■ What needs to be done: Output the first line below and each one after it, exactly, up to and including the line holding "LEO SAYER, World". Pictures should not be copied.

■ Material provided:
┄┄┄┄┄┄

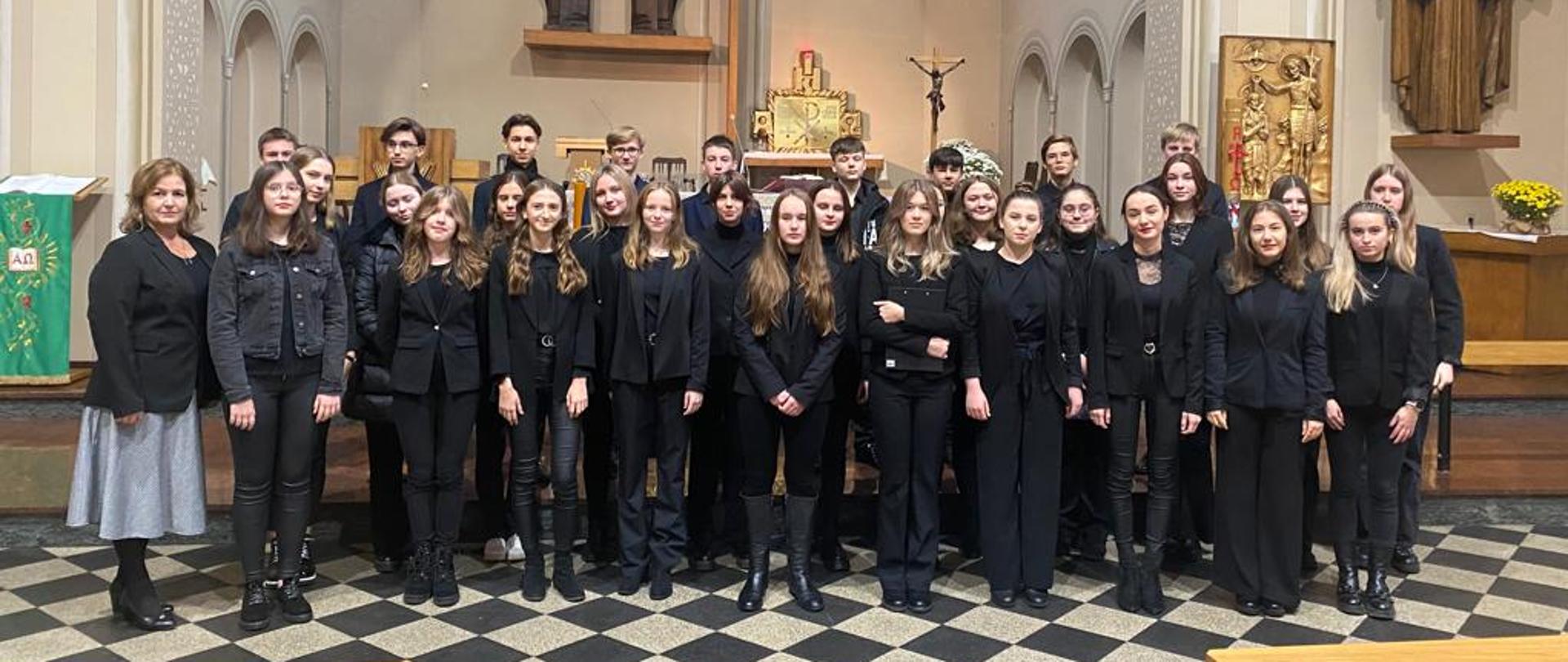 Kolorowe zdjęcie chóru Dominanta. Chór ustawiony jest w trzech rzędach (dwa pierwsze to dziewczyny, trzeci to chłopacy) na schodach przed ołtarzem w kościele p.w. Św. Józefa Robotnika. Wszyscy członkowie ubrani są w czarne stroje, poza panią dyrygent, która ma srebrną spódnicę.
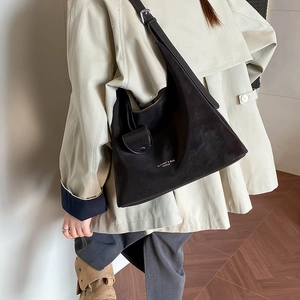 Detail of dark brown hobo shoulder bag with adjustable strap and front pocket detail
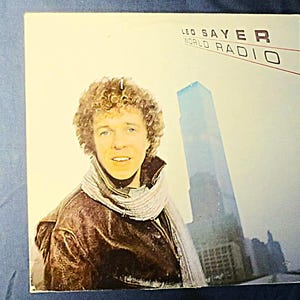LEO SAYER, World RADIO, Leo Sayer Record, Leo Sayer Album, Leo Sayer Lp, disques pop, vinyle vintage, Lp vinyle, disques vintage, disques 1982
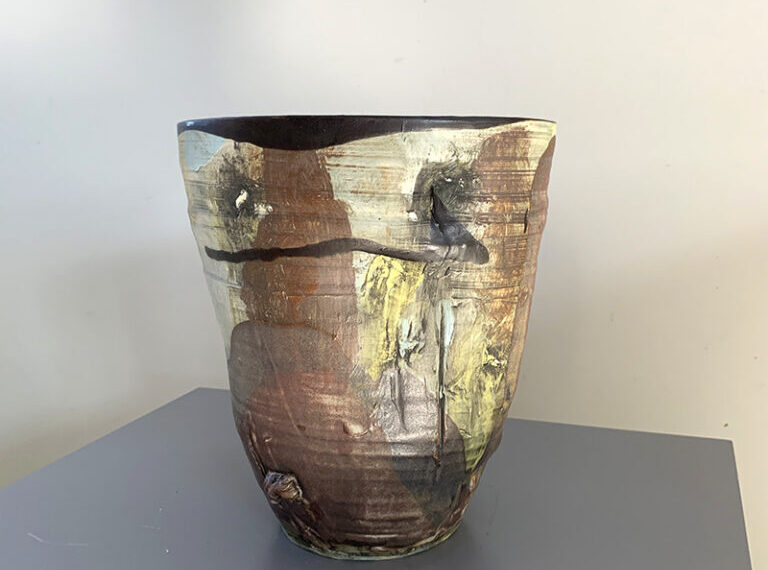 A ceramic vase sitting on a table in a room.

┄┄┄┄┄┄

■ Problem solution:
 Kolorowe zdjęcie chóru Dominanta. Chór ustawiony jest w trzech rzędach (dwa pierwsze to dziewczyny, trzeci to chłopacy) na schodach przed ołtarzem w kościele p.w. Św. Józefa Robotnika. Wszyscy członkowie ubrani są w czarne stroje, poza panią dyrygent, która ma srebrną spódnicę.
 Detail of dark brown hobo shoulder bag with adjustable strap and front pocket detail
LEO SAYER, World RADIO, Leo Sayer Record, Leo Sayer Album, Leo Sayer Lp, disques pop, vinyle vintage, Lp vinyle, disques vintage, disques 1982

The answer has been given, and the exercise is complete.